Es ist eine wahre Freude, den Z 4 über kurvige Landstraßen zu jagen. Kommen dann noch ein paar Hügel dazu, schlägt das Roadsterherz einige Takte schneller. Richtig satt liegt der Zweisitzer auf der Straße – ohne dass er dabei jede Unebenheit schonungslos an die Insassen weitergibt. Die Gänge des serienmäßigen 6-Gang-Getriebes lassen sich spielend leicht einlegen. Wer mag, kann sich ein sequentielles SMG-Getriebe samt Schaltwippe à la Formel 1 ordern. Die elektrische Servolenkung (bisher hydraulisch) ist eine Neuentwicklung und gibt die Lenkbefehle direkt weiter – begünstigt durch das griffige und kleine Sportlenkrad. Im Falle einer Reifenpanne braucht man sich nicht die Finger schmutzig zu machen: Runflat-Technologie ist serienmäßig und garantiert 150 Kilometer Weiterfahrt trotz Plattfuss. Das Verdeck öffnet und schließt elektrisch innerhalb von zehn Sekunden. Der Kofferraum ist mit 260 Litern relativ großzügig bemessen: zwei Golftaschen passen problemlos rein. Vier Jahre Entwicklungszeit hat BMW in den neuen Z 4 gesteckt. Die 2, 5 Litermaschine leistet 192 PS (141 kW) und verfügt über ein maximales Drehmoment von 245 Nm bei 3500 Umdrehungen pro Minute. Die 3,0 Liter-Maschine leistet 231 PS (170kW) mit einem Drehmoment 300 Nm bei 3500 Umdrehungen pro Minute. Der Eintrittspreis in den Roadsterspaß beginnt bei 32 500 Euro für den kleinen Sechszylinder. Mit 38 500 Euro ist die Dreiliter-Motorisierung rund 3600 Euro teurer als im Vorgängermodell.
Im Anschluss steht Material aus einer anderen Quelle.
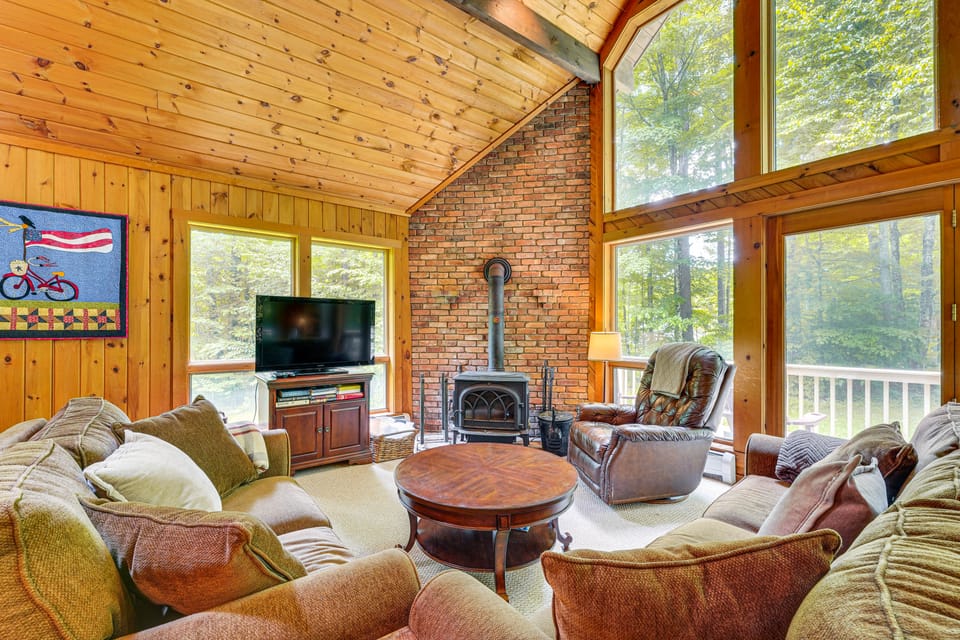 Family-Friendly Ludlow Cabin on Lake Pauline! House in Vermont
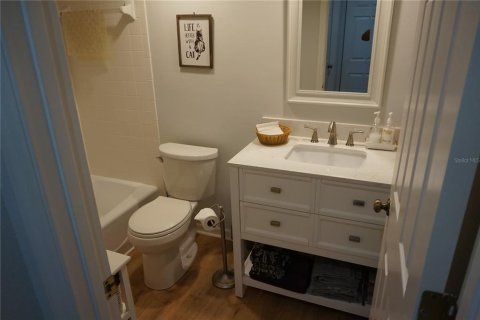 Villa ou maison à vendre à Venice, Floride: 2 chambres, 123.28 m2 № 1894350 - photo 25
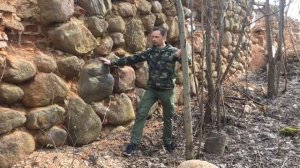 Стена из крупных валунов.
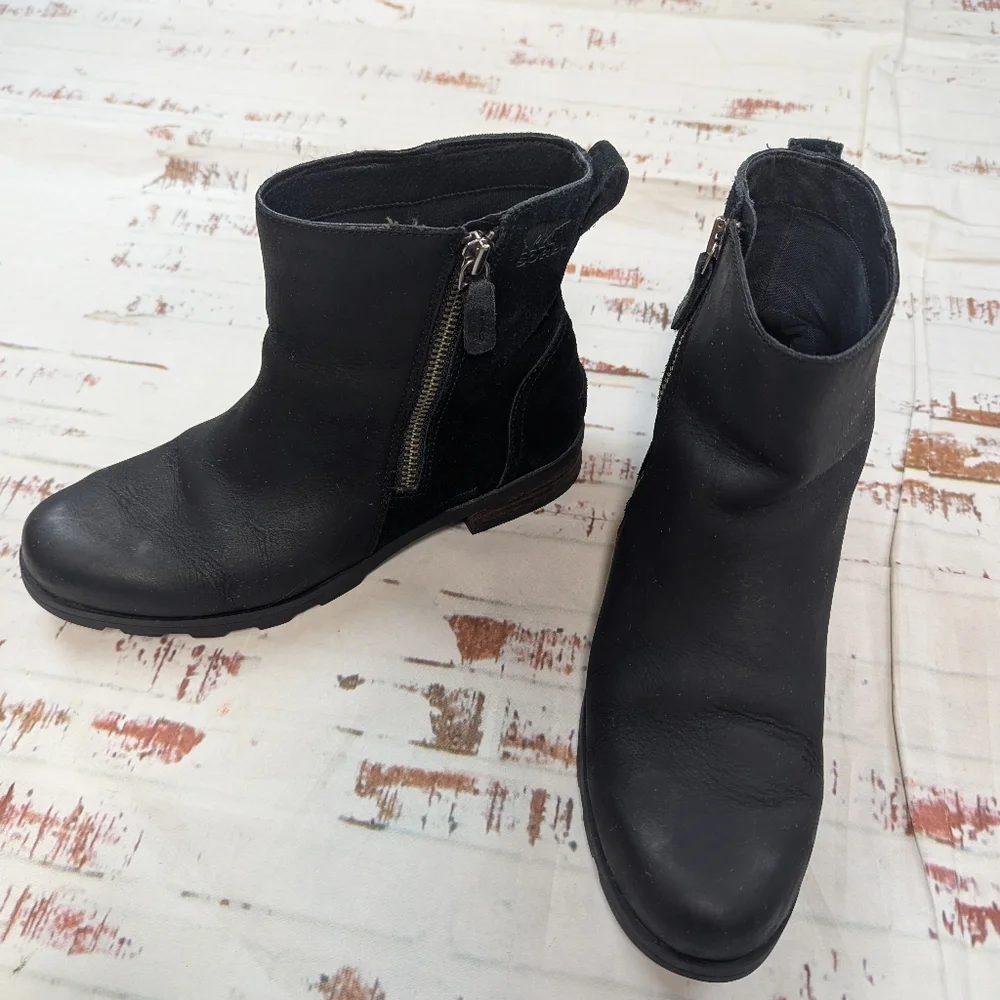 Sorel Leather And Suade Ankle Booties - Picture 6 of 6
Fazit: Der Roadster mit Niere im Kühlergrill ist kein billiges Vergnügen. Wer jedoch ein solches Premiumfahrzeug sein Eigen nennt, der achtet nicht so sehr auf den Preis. Käufer dieser Fahrzeugklasse könnten sich jedoch an der Haptik der Armaturentafel stören: Sie fühlt sich nicht gerade hochwertig an. Einzigartig ist jedoch das Fahrerlebnis: Herrlich, wie der Sechszylinder bei der Gaswegnahme vor sich hinbrabbelt, um dann beim Tritt auf die Tube wieder Kraft zu zeigen.